Now, I have no clue why Properties implements Map<Object, Object>, given that the javadocs clearly state that key and value are String, but there you go. Having to typecast this makes the implicit option much less attractive. This being the case, the alternative is the most concise of them.
EDIT
Scala 2.8 just acquired an implicit conversion from Properties to mutable.Map[String,String], which makes most of that code moot.
In Scala 2.9.1 this is solved by implicit conversions inside collection.JavaConversions._ . The other answers use deprecated functions. The details are documented here. This is a relevant snippet out of that page:
scala> import collection.JavaConversions._
import collection.JavaConversions._
scala> import collection.mutable._
import collection.mutable._
scala> val jul: java.util.List[Int] = ArrayBuffer(1, 2, 3)
jul: java.util.List[Int] = [1, 2, 3]
scala> val buf: Seq[Int] = jul
buf: scala.collection.mutable.Seq[Int] = ArrayBuffer(1, 2, 3)
scala> val m: java.util.Map[String, Int] = HashMap("abc" -> 1, "hello" -> 2)
m: java.util.Map[String,Int] = {hello=2, abc=1}
Getting from a mutable map to an immutable map is a matter of calling toMap on it.
In Scala 2.8.1 you can do it with asScalaMap(m : java.util.Map[A, B]) in a more concise way:
var props = asScalaMap(System.getProperties())

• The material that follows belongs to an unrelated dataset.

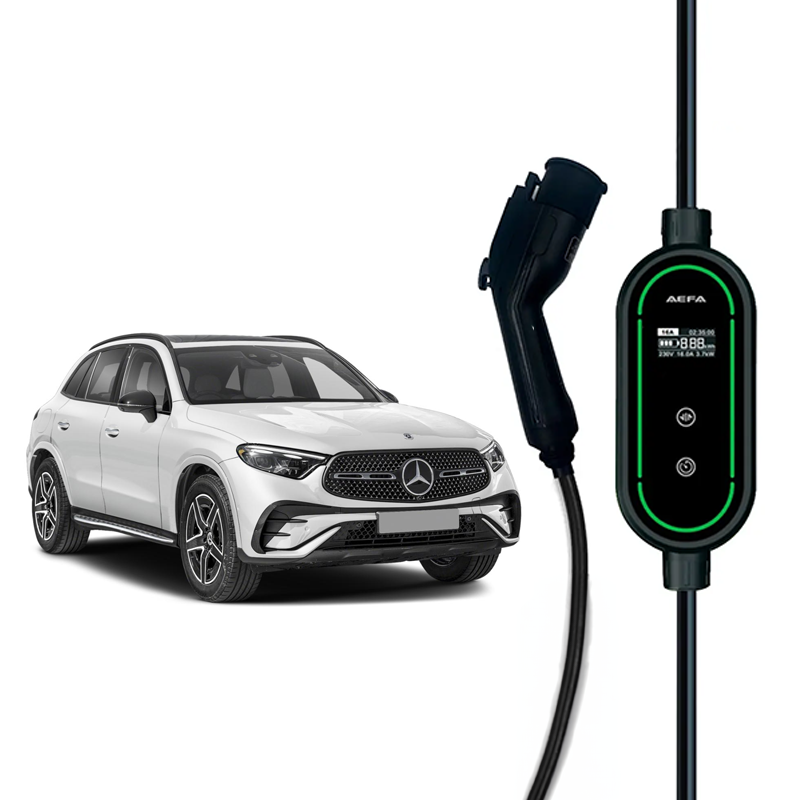 Mercedes GLC Chargers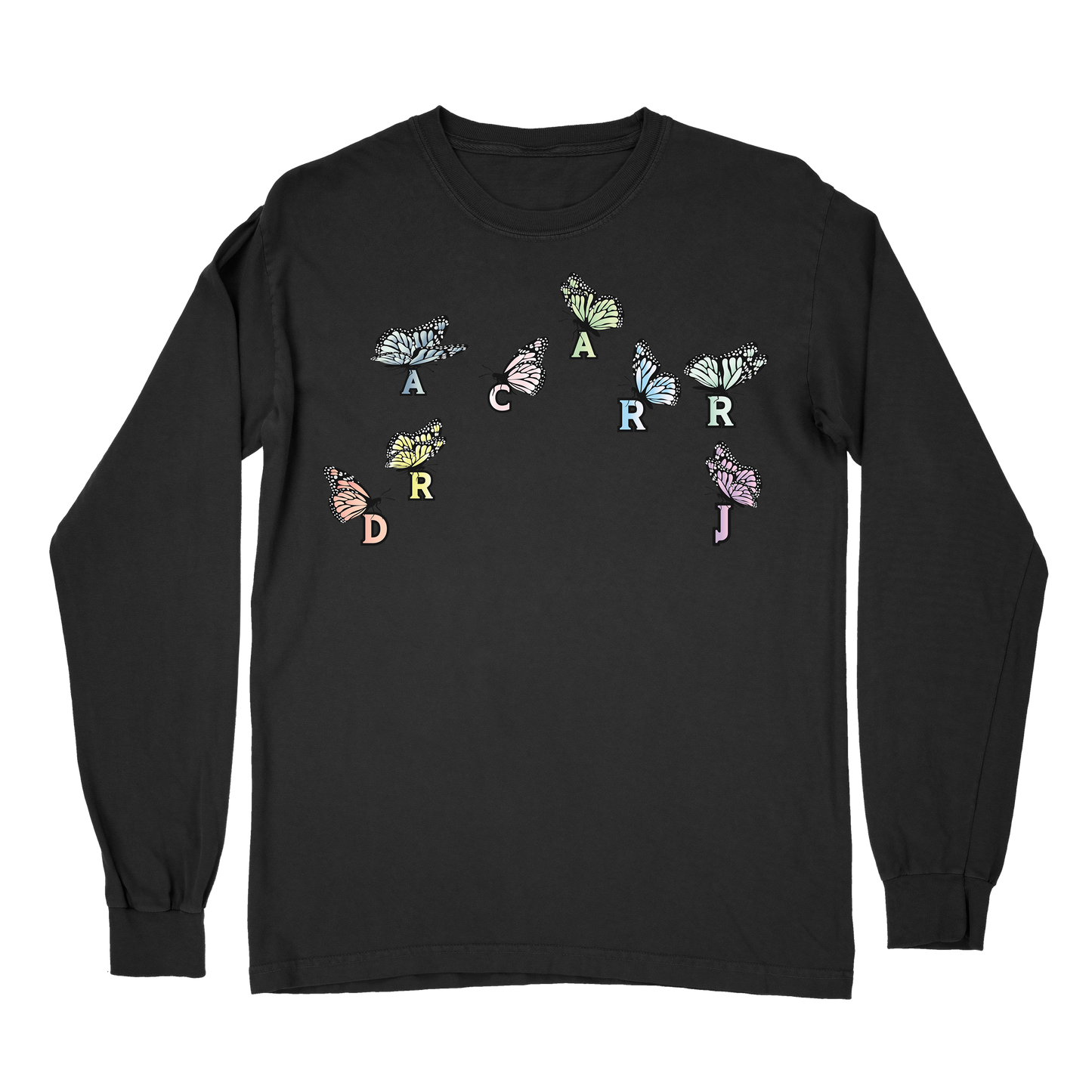 Butterfly longsleeve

props.keySet.toList.sortWith(_ < _).foreach { k =>
println(k + (" " * (30 - k.length)) + " = " + props(k))
}
In Scala 2.13.2:
import scala.jdk.javaapi.CollectionConverters._
val props = asScala(System.getProperties)
Looks like in the most recent version of Scala (2.10.2 as of the time of this answer), the preferred way to do this is using the explicit .asScala from scala.collection.JavaConverters:
import scala.collection.JavaConverters._
val props = System.getProperties().asScala
assert(props.isInstanceOf[Map[String, String]])